Shay: In a recent Lean On and Lead review, a young mother states: “When it comes to practical realities and achieving balance, there are so many variables that just thinking about how to navigate obstacles and find solutions quickly becomes overwhelming and frustrating. Every job has its own requirements, every woman her own set of talents, and every marital relationship and family its own circumstances. The topic is so nuanced that it is difficult to know where to even begin.”
I felt it was necessary to demonstrate the diversity of family life in Lean On and Lead through multiple stories because every family is unique in terms of numbers of children and their ages, parents’ ages, professions, socio-economic status, ethnicity, geography, options for flexibility, family health issues, and support from family members–and these and innumerable other factors impact the practical choices available to parents.
These stories also illustrate, however, that regardless of the range of circumstances, most families share the inherent conflict between the time required to financially support their children and the time needed to care for and nurture them. Thus, real solutions to balancing work and family life must include infrastructural and cultural change.
One of my interviewees sent me the following email after telling her story: “I feel like there’s no way NOT to develop certain conclusions about society and the cultural changes that need to take place. The work-family balance is almost like the equality issue–something that is such a norm that we just all live our daily lives basically doing ‘work-arounds’ in order to survive and function, when really we should be changing the status quo to meet OUR needs.”
1MFWF: You note that discrimination and lack of support for women and mothers in the workplace is more than a female problem, but instead “an extraordinary economic oversight.” Why would expanding access to work flexibility and adopting other work/life solutions be better for the economy at large?
Shay: Women are clearly prepared to meet the country’s current and future economic needs. They have been outpacing men in college enrollment and degree attainment since the 1990s, and currently outnumber men in college by four to three. In 2012, 70 percent of mothers worked outside the home, and in 40 percent of households, the mother was the primary breadwinner.

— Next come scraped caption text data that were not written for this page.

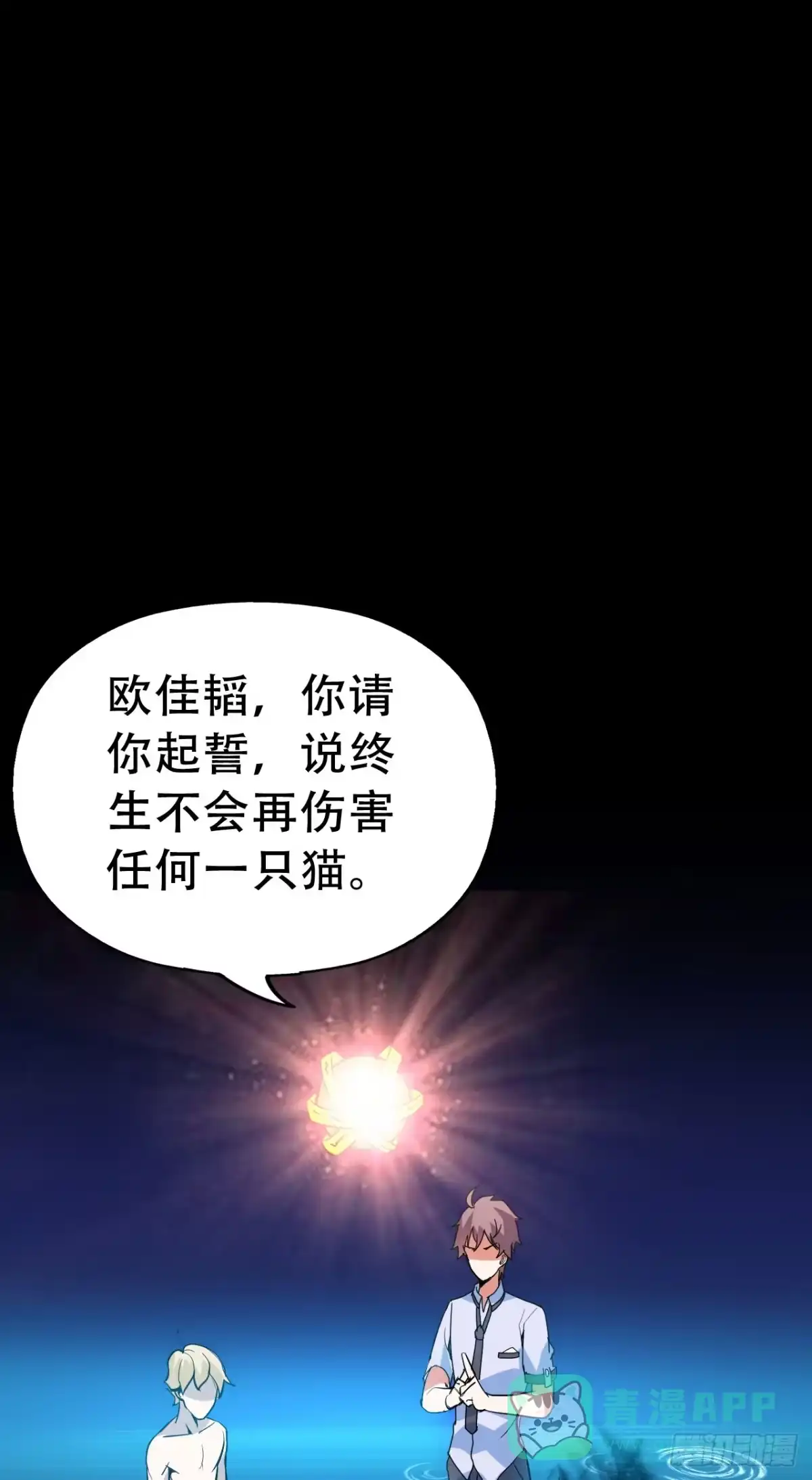 《恶灵调教女王》Part46·猫鬼之卷（终） 第51页
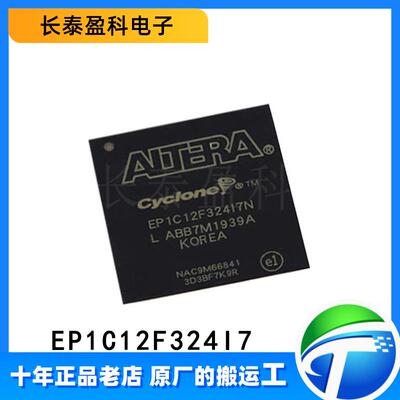 EP1C12F324I7 封装BGA 可编程门阵列芯片 可编程逻辑器件芯片原装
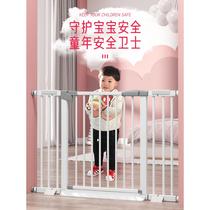 Stairway Guard Guardrails Child Safety Door Bar Guard Barrier Baby Fencing Baby Railing Pets Segregated Door Fence Door
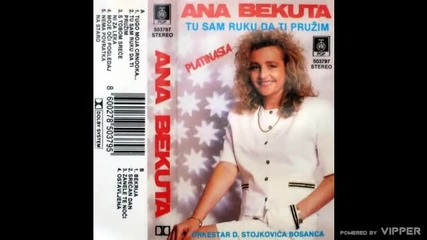 Ana Bekuta - S tobom srece ni za leka - (audio 1991)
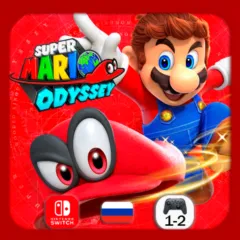 Mario Odyssey | Nintendo Switch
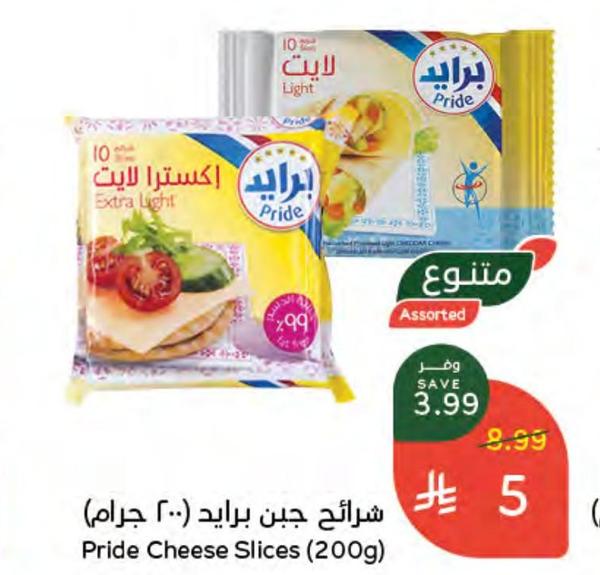 شرائح جبن برايد (٢٠٠ جرام)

This means that whether or not working women are achieving the promise or benefits of their educations, they are increasingly responsible for their families’ financial welfare.
Yet due to gender pay inequities and cultural norms, lack of mandated paid family and sick leave policies, limited work flexibility, and unaffordable and unreliable child care, mothers often make the difficult decision of cutting back or dropping out of the work force. This “artificial drag” on the economy, as US Senator Kirsten Gillibrand calls it, results in a loss of intellectual and innovation capital for our society-at-large, and has enormous financial impacts for the woman herself and her family. Furthermore, when women earn less than they are due and participate less in the economy than they want to, every family member suffers—including the males. And when families have less to spend, local and national economies suffer.
1MFWF: Title IX is commonly known for its role in increasing women’s participation in sports. But you explain that Title IX could have much broader implications for gender parity both in academia and the workplace—how so?
Shay: Title IX states that “no person in the United States shall on the basis of sex, be excluded from participation in, be denied the benefits of, or be subject to discrimination under any educational program or activity receiving federal financial assistance.” In addition to providing opportunities for girls and women in athletics, Title IX has been responsible for women’s astounding educational attainment over the last forty years. Yet much of the law’s potential remains unrealized, while the culture in academia continues to be male-oriented.
Title IX regulations apply to recruitment, hiring, tenure, pay rates, fringe benefits, scholarships, pregnancy leave and childbirth. Because women face pervasive motherhood penalties on college campuses (even when they don’t have children), by requiring equitable promotion and pay, as well as pregnancy and birth accommodations, compliance with Title IX would significantly impact women’s academic and professional potential.
1MFWF: Your book focuses on women, motherhood, and US policy, but some of your interviewees are men, and some are based in other countries. Why?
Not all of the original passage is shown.